1184 Tasting Notes
I’m a sucker for anything roses, and the idea of rose + Earl Grey seemed interesting to me. It works with lavender so why not rose?
The roses sure make the tea look pretty. :-) The contrast between the dark tea and the pinky/red rose petals is lovely. It reminds me a little of a fancy dress for a little girl, dark velvet with tiny pink rosettes.
I don’t smell rose in the sample pouch, though. This makes me wonder whether that means the rose is decorative only? I just finished trying the Upton Earl Grey Blue Flower where that was true, so I suppose it is possible. I do smell bergamot in the dry tea, and I do smell something else, but I can’t identify it.
I think I may be getting some rose fragrance in the aroma of the tea, but perhaps it is just wishful thinking. The bergamot isn’t at all strong. The tea smells mild and slightly sweet.
As I drink, I get a rose note in the aroma. It isn’t very strong at all, but it is pretty. It is harder to identify in the taste, but I do believe it is there around the edges of the sip. I had expected it to be stronger, but now I’m thinking maybe the reason it isn’t is because it wouldn’t work that way? When I tease out the rose in the aroma and the flavor, I can also get a hint of how easy it would be for a stronger rose to overpower everything else at work in this tea, and how having to increase the bergamot would lead to escalating the rose flavor and so on until the end result was mutual assured destruction.
So it’s subtle. But I think it is because it has to be, not because of a failing in the blend. As with the Upton Chocolate Earl Grey, I really like the idea of this tea. The question I need to answer for myself is whether for my own palate it’s too subtle to be worth it, and I’m not ready to answer that yet.

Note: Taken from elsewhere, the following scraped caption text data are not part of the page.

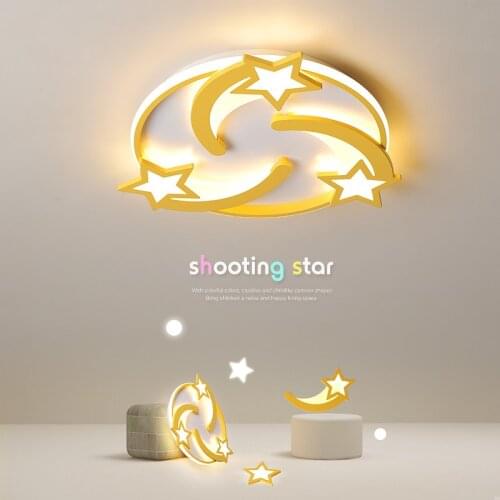 Modern simple LED eye protection childrens bedroom decoration creative meteor ceiling lamp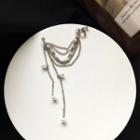 Faux Pearl Chain Fringed Drop Earring 1 Pc - Ear Stud & Clip On Earring - One Size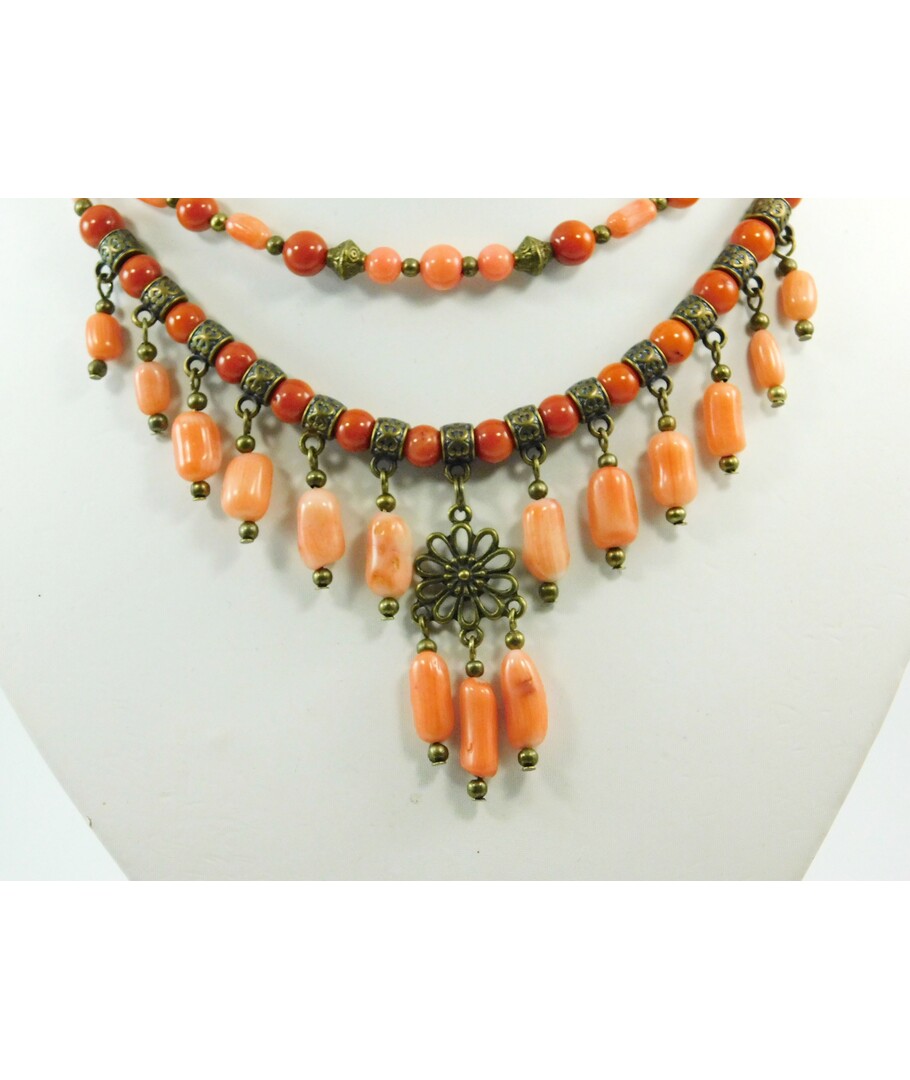 Exclusive necklace "Antique 2" Coral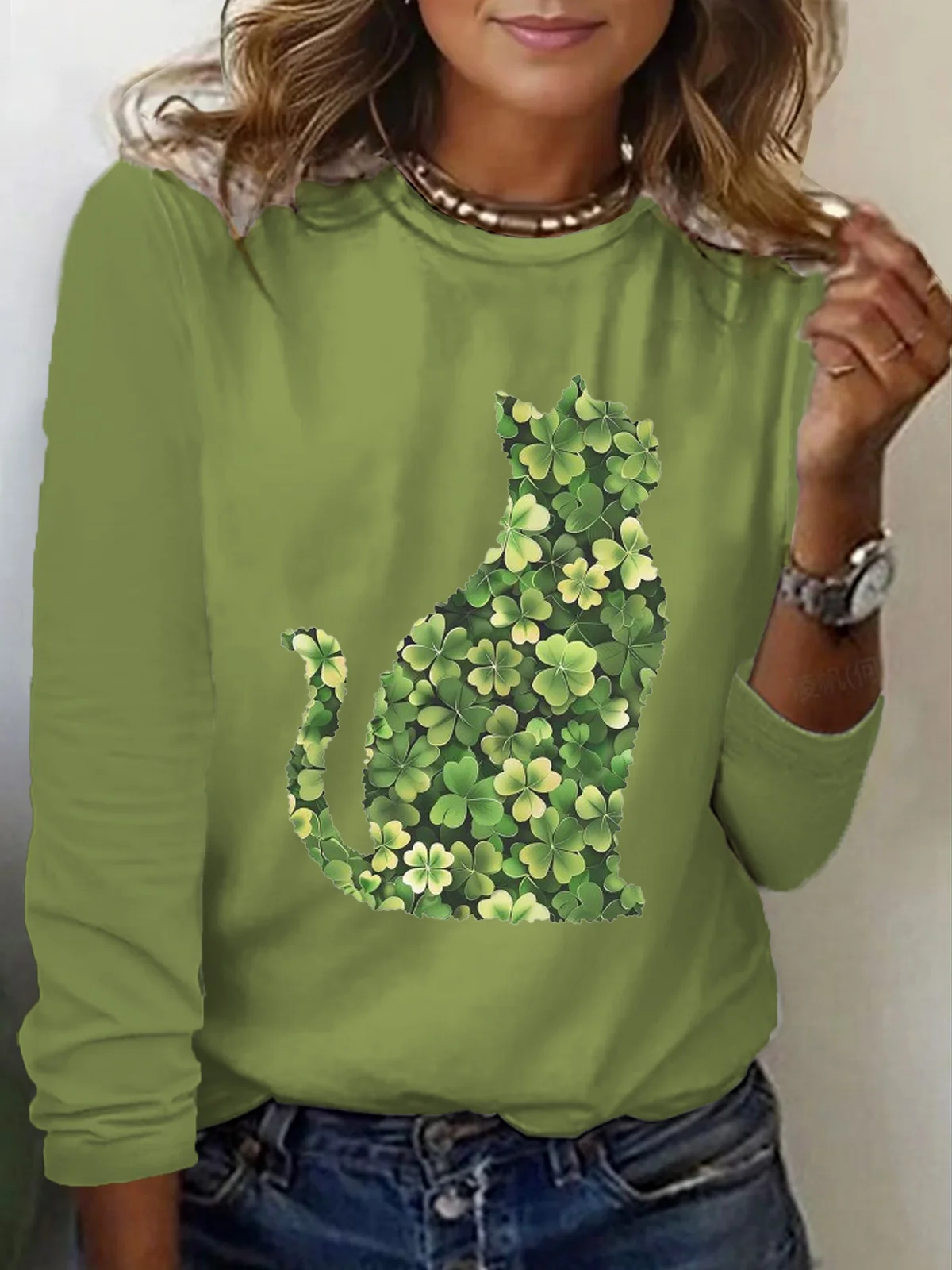 Women's Cat Shamrock Long Sleeve Tee T-shirt Crew Neck Printing Casual Spring/Fall Graphic Tee Top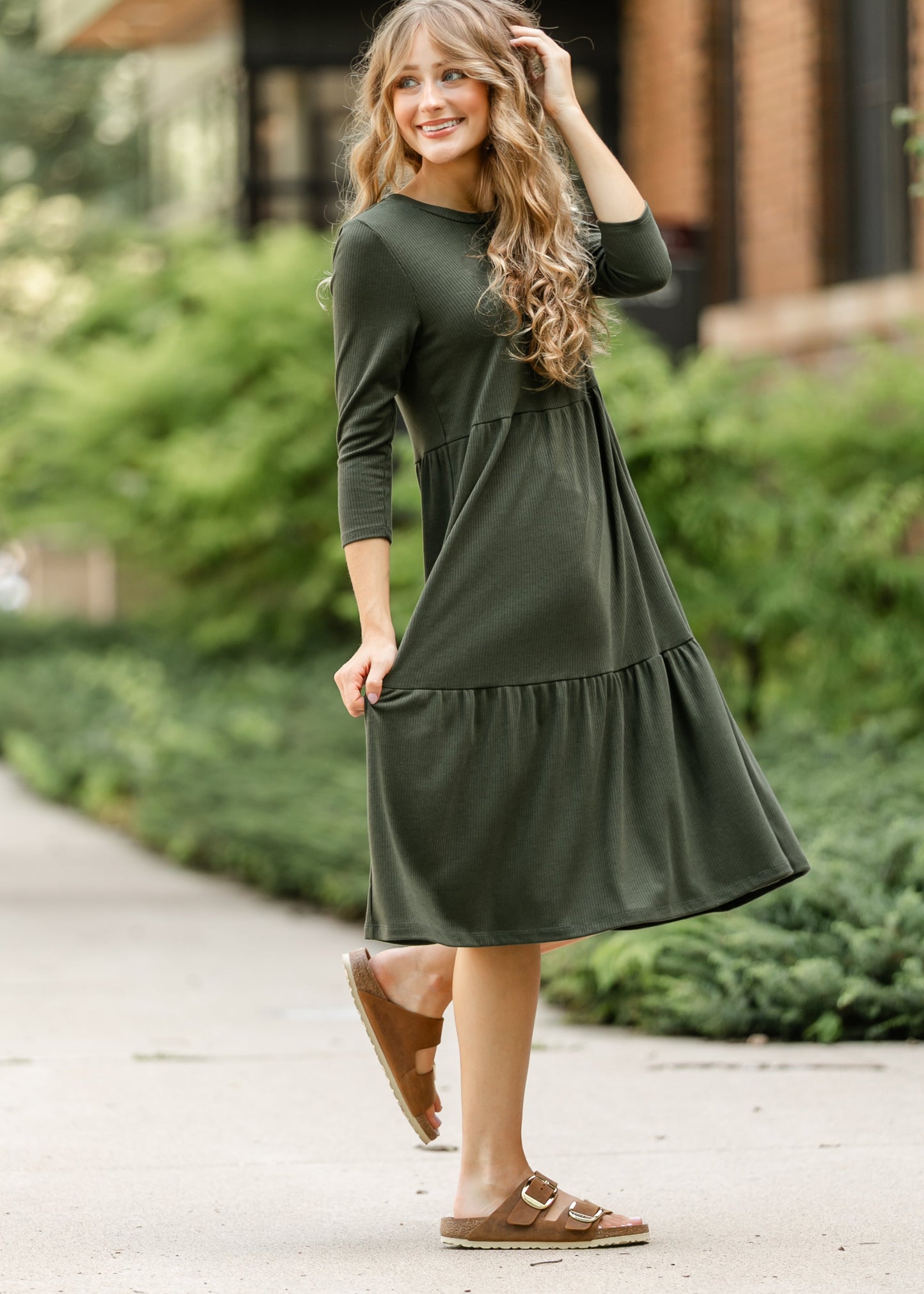 Lacy Ribbed Midi Dress - FINAL SALE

Even as I write this, I’m tasting the rose a little more as the tea cools, and the more I taste it, the more the answer leans toward yes.
The fourth and last of the Upton Earl Grey sampler samples. This one has more bergamot smell in the can than the others; it smells the most like an Earl Grey in its dry state. Steeped, the bergamot aroma lessens but is still obvious and easily identifiable.
The description seems to indicate that the flowers are just for decoration, so that must mean this is the Earl Greyest of the Earl Greys in the sample. No other flavors added.
Indeed, that is my impression of the taste. In this, there’s a very discernible bergamot aroma and flavor, moreso than in the other three samples. It’s not too strong, nor is it too mild for me. It’s just right, said Goldilocks. The bergamot is citrusy, not perfumey. It doesn’t do a number on my stomach.
I’d like to taste it next to the Harney & Son’s, but it seems to me to be in the running for my staple Earl Grey.
Tea no. 3 in the Upton Earl Grey sampler. It’s called Earl Grey Chocolate on the sampler label but has the same catalog number as Chocolate Earl Grey.
I’ve been looking forward to this, as I am at least a 200 on a scale of 1-10 in terms of chocolate fanaticism.
I must admit to being somewhat baffled by the all the variations on the Earl Grey theme. Seems to me at some point it ceases to be Earl Grey and starts being something else, but perhaps I’m just old school. Of all the variations, this is the most puzzling to me so far. But that’s probably only because I haven’t come across marzipan-halvah-cookies-’n-cream-melba-toast-pineapple-lime-spaghetti-mutton flavored Earl Grey yet.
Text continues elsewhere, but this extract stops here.